France has its own military-industrial complex, totally dwarfed by the one in the United States, but the largest in Western Europe. Any such complex needs export markets for its arms industry. The best potential market would have been independent European armed forces. Without that prospect, some may hope that joining the integrated command can open NATO markets to French military products.

A slim hope, however. The United States jealously guards major NATO procurements for its own industry. France is unlikely to have much influence within NATO for the same reason it is giving up its attempt to build an independent European army. The Europeans themselves are deeply divided. With Europe divided, the United States rules. Moreover, with the economic crisis deepening, money is running short for weaponry.

From the viewpoint of French national interest, this feeble hope for marketing military hardware is vastly outweighed by the disastrous political consequences of Sarkozy’s act of allegiance.
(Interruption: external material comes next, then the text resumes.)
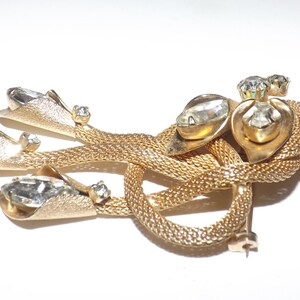 May include: A gold-toned vintage brooch with a woven design and clear rhinestone accents. The brooch features three fan-shaped elements and a central knot design, with multiple clear rhinestones.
It is true that even outside the NATO integrated command, France’s independence was only relative. France followed the United States into the first Gulf War – President François Mitterrand vainly hoped thereby to gain influence in Washington, the usual mirage that beckons allies into dubious U.S. operations. France joined the 1999 NATO war against Yugoslavia, despite misgivings at the highest levels. But in 2003, President Jacques Chirac and his foreign minister Dominique de Villepin actually made use of their independence by rejecting the invasion of Iraq. It is generally acknowledged that the French stand enabled Germany to do the same. Belgium followed.

Villepin’s February 14, 2003, speech to the UN Security Council giving priority to disarmament and peace over war won a rare standing ovation. The Villepin speech was hugely popular around the world, and greatly enhanced French prestige, especially in the Arab world. But back in Paris, the personal hatred between Sarkozy and Villepin has reached operatic heights of passion, and one can suspect that Sarkozy’s return to NATO obedience is also an act of personal revenge.